A Cross Site Scripting (XSS) attack can cause arbitrary code to run in a user's browser while the browser is connected to a trusted Web site. The attack targets your application's users and not the application itself, but it uses your application as the vehicle for the attack. Because the script code is downloaded by the browser from a trusted site, the browser has no way of knowing that the code is not legitimate. Internet Explorer security zones provide no defense. Since the attacker's code has access to the cookies associated with the trusted site and are stored on the user's local computer, a user's authentication cookies are typically the target of attack.


Impact

  • Loss of authentication cookies. The attack writes script to retrieve the authentication cookie that provides access to a trusted site and then posts the cookie to a Web address known to the attacker.

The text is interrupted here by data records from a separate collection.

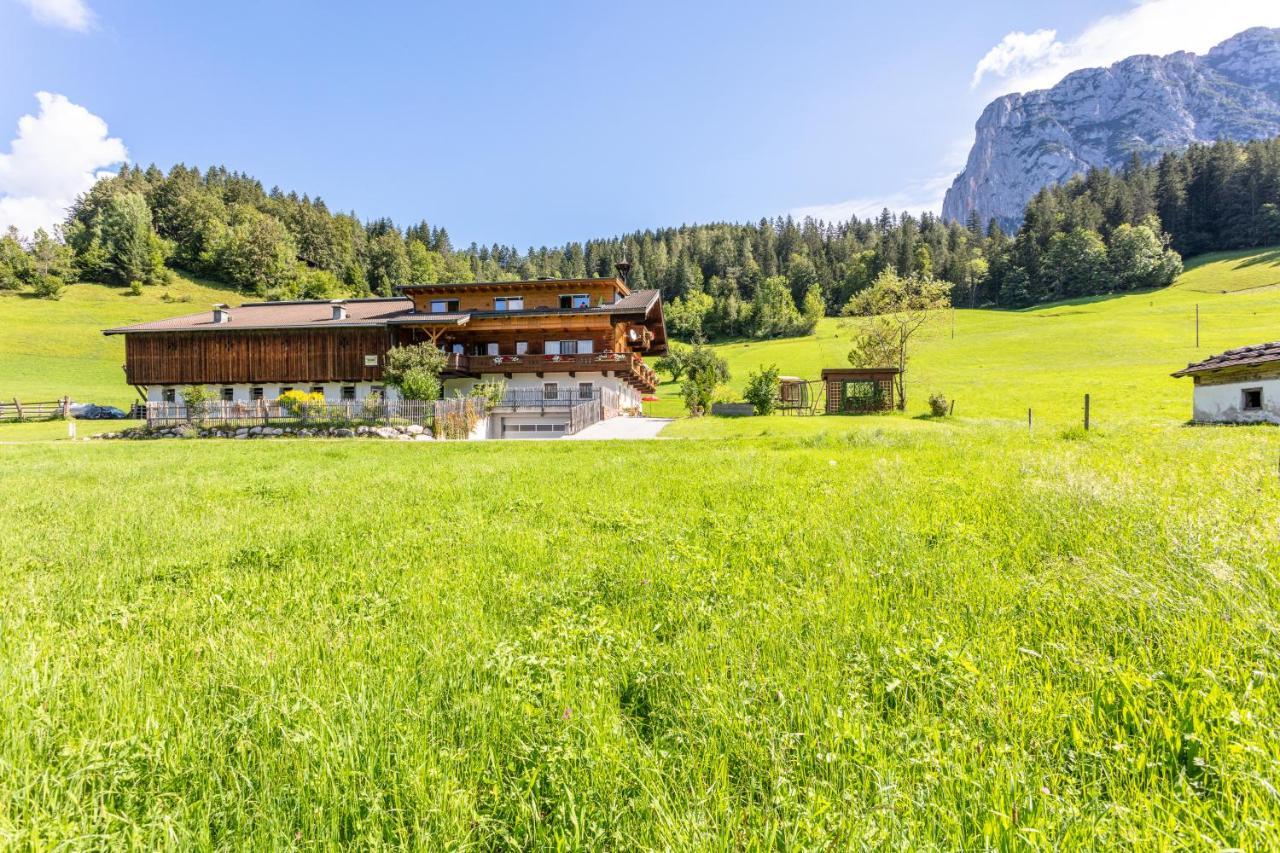 Peholdgut - Natururlaub Am Berg Lofer Exteriér fotografie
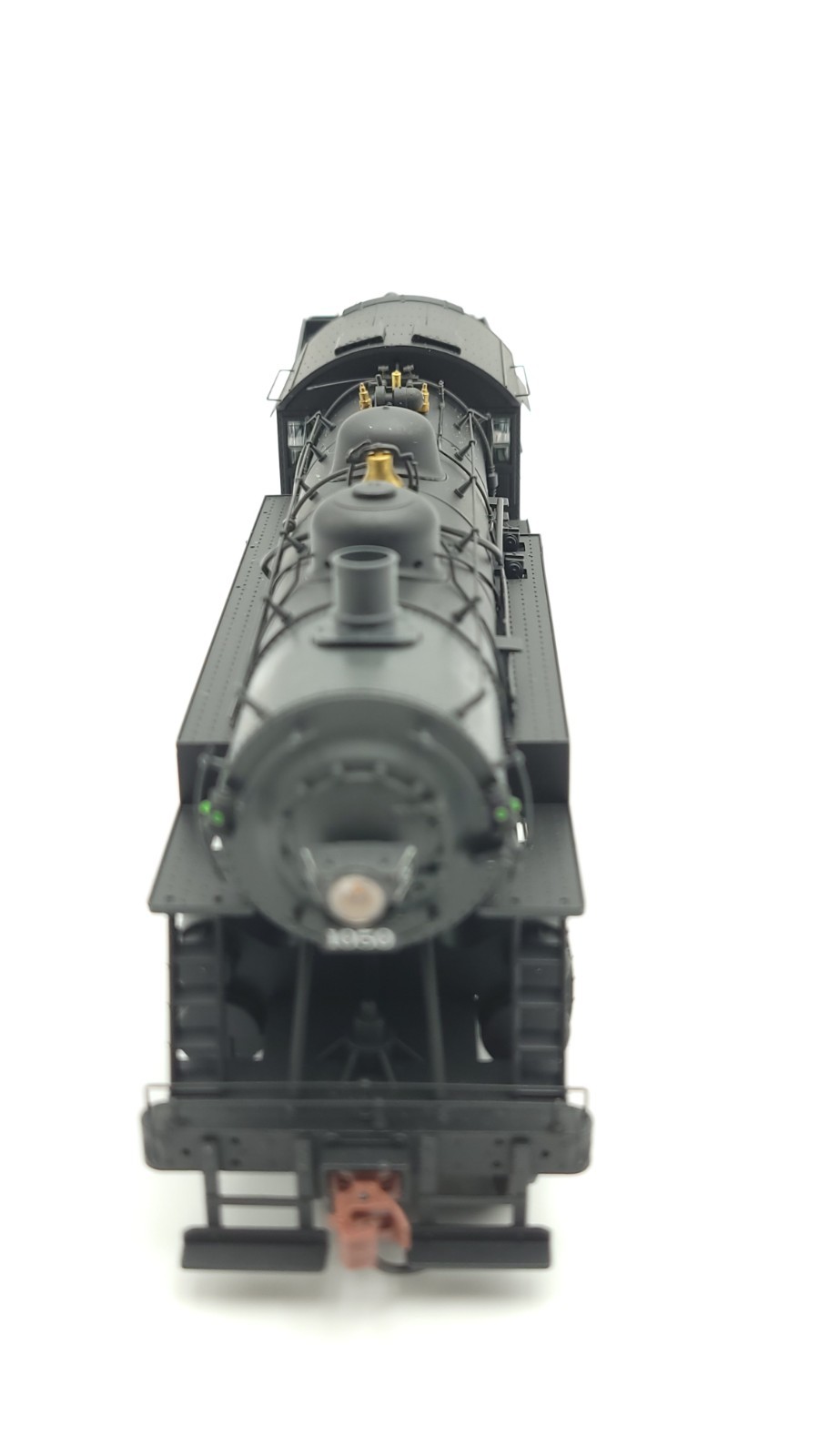 S-Helper 01062 NYC / New York Central 2-8-0 Consolidation Steam Locomotive -LNIB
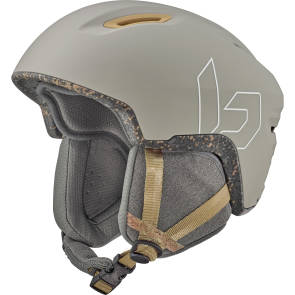 Ski_Helm_grau_matt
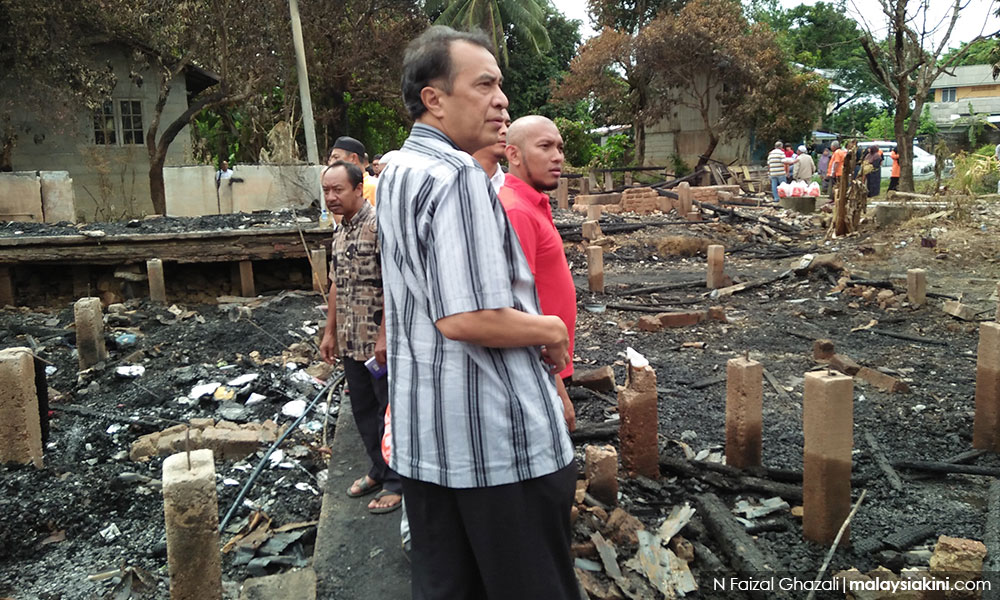 Husam: Veteran PAS cegah kerjasama PAS, Umno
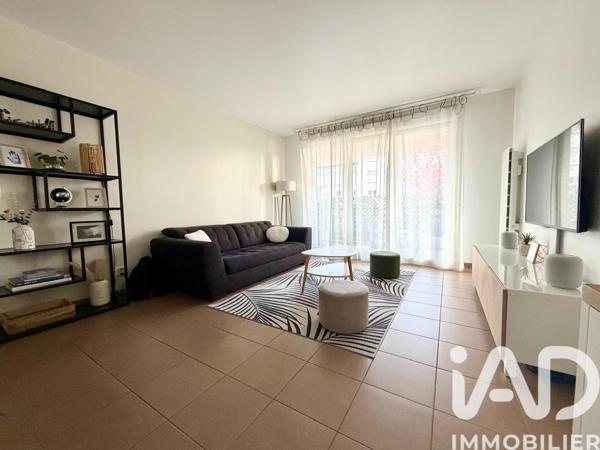Appartement à vendre 4 pièces 75,04 m² Pontault-Combault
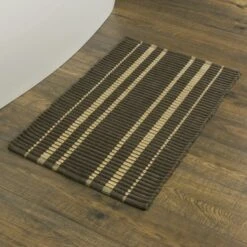 Sealskin Badmat Pearl Bruin 60x90 Cm -Thuis Badkamer 123 476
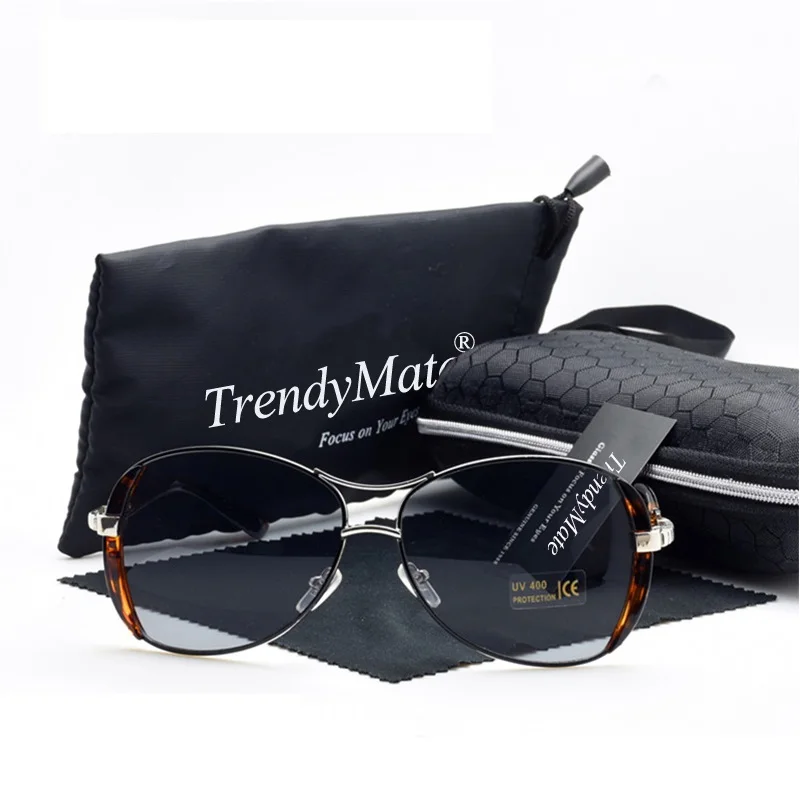 fashion sunglasses Hot 2021 Oculos High Quality Sunglasses Women Glasses Vintage with Box Sunglasses Women Brand Designer Ladies Sun Glasses M071 big black sunglasses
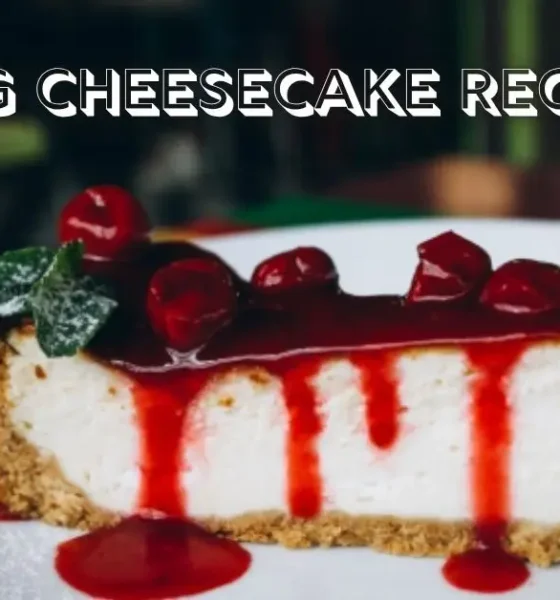King Cheesecake Recall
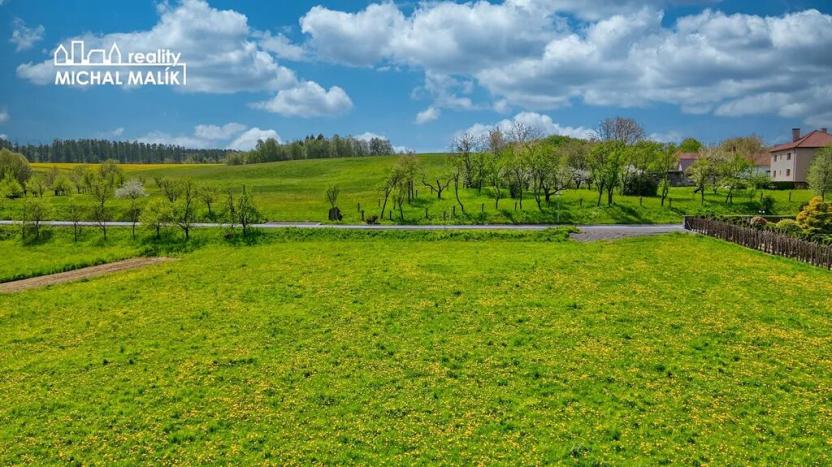 Prodej pozemku pro bydlení, Ústí, 5169 m2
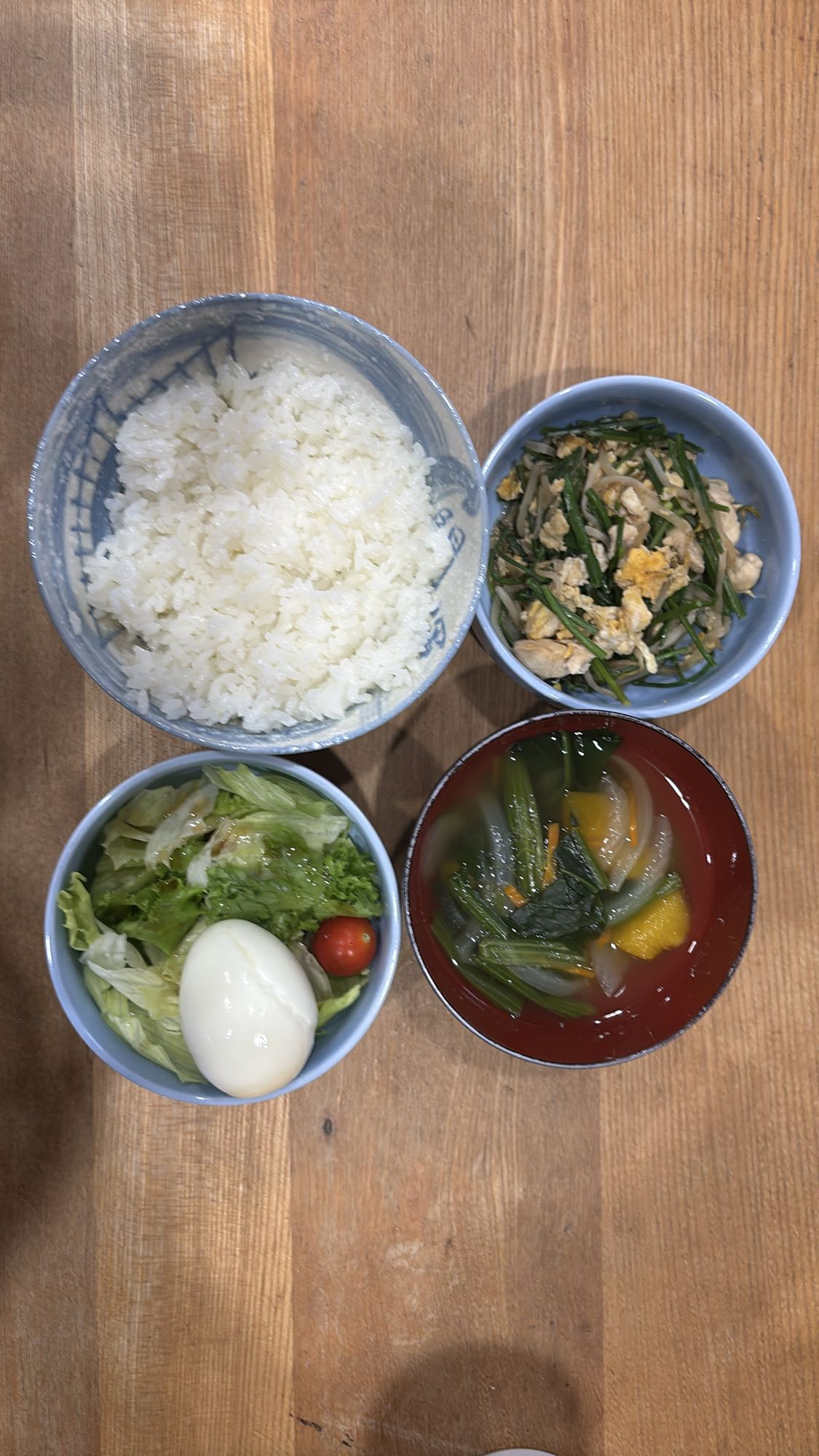 和風定食セット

This enables the attacker to spoof the legitimate user's identity and gain illicit access to the Web site.


Vulnerabilities

  • Failing to constrain and validate input.
  • Failing to encode output.
  • Trusting data retrieved from a shared database.


Countermeasures

  • Perform context sensitive encoding of untrusted input before it is echoed back to a browser by using an encoding library (e.g., IOSec)
  • Untrusted input should be validated against an inclusion list before use (e.g., RegEx pattern, primitive type casting, domain constraint, etc.)